Reciclar plásticos e transformá-los em handboard é algo que está se espalhando pelo mundo já faz alguns anos, inclusive no Brasil. O fato de dar uma destinação útil e intencional aos plásticos e, consequentemente, fomentar a prática do bodysurf, faz com que essa seja a grande vitrine do meu projeto de doutorado. Mas na realidade meu projeto conta com outros objetivos, até porque a presença de plástico nas praias e nos oceanos é um problema global e, portanto, carece de soluções amplas e mais efetivas. Um dos meus objetivos é desenvolver uma metodologia de educação ambiental que seja capaz de estimular a percepção ambiental de frequentadores de praias. E para isso utilizo o esporte como ferramenta de engajamento e conexão do ser humano com o problema do lixo plástico, uma vez que estar em contato com a natureza faz com que o indivíduo se preocupe com a qualidade e a conservação do ambiente em questão como alguns estudos já apontaram. Padrões de comportamento de usuários de praias também estão sendo estudados, inclusive, pessoas que frequentam as praias brasileiras pelo menos uma vez por semana podem participar do meu estudo. Além disso, realizo um monitoramento na praia do Sangava, situada na cidade de Guarujá (SP), para entender o que influencia a presença de resíduos neste local.

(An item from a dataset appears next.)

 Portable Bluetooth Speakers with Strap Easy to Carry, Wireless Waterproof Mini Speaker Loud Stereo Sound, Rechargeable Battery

Muito se fala sobre educar crianças e adolescentes, alertando quanto aos impactos causados pelo homem em ambientes naturais, principalmente o descarte de resíduos em praias. Você tem alguma proposta nesse sentido?

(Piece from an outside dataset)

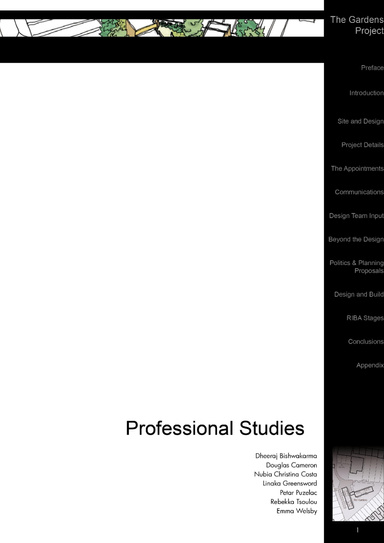 Professional Studies - Site Diary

Eu acredito que não devemos atribuir exclusivamente às crianças e adolescentes a responsabilidade de salvarmos os oceanos. Isso é sobre todos nós, é um movimento que deve começar e acontecer continuadamente em cada um, independentemente da idade. Afinal, a indústria produz toneladas de plásticos e o consumo de plásticos, em especial descartáveis, ainda é muito elevado. É preciso conter a produção industrial desse material, repensar o design de produtos, reciclar, estimular a reutilização e conscientizar as pessoas cada vez mais. Levando isso em consideração, estou desenvolvendo um projeto de extensão em parceria com os alunos do Laboratório de Ecofisiologia e Bioquímica de Organismos Aquáticos (LEBIO-Unisanta) e Laboratório de Biologia de Organismos Marinhos e Costeiros (LABOMAC-Unisanta) para levarmos a ciência e a cultura oceânica para além da universidade, ou seja, engajarmos a sociedade com o problema do plástico. Ademais, estou construindo uma caderneta de campo repleta de atividades práticas e teóricas focadas na cultura oceânica e no esporte, que poderá ser empregada por escolas de educação básica, ONGs, projetos sociais e esportivos, como material educacional de apoio.

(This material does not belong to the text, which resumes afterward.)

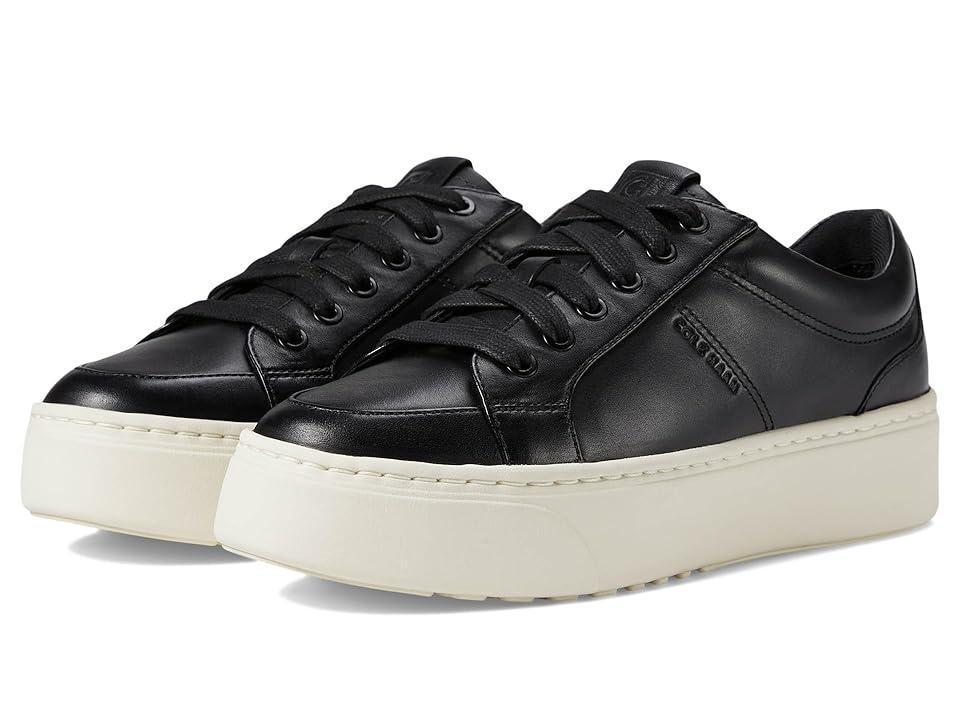 Cole Haan Womens GrandPr Max Platform Sneakers - Black Size 6.5 Product Image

“Todas essas ações fazem parte da minha pesquisa de doutorado, que será finalizada no ano de 2025. No entanto, essas ações vão muito além, elas fazem parte de um projeto pessoal que pretendo dissipar pelo Brasil e pelo mundo. Todos nós somos responsáveis pela manutenção dos bens e serviços ecossistêmicos, sendo que, dentro desses benefícios, o contato com o ambiente natural, como as praias através do esporte, faz parte desse cenário. Preservar esses ambientes trará muito mais benefícios para a nossa geração e para as gerações futuras.”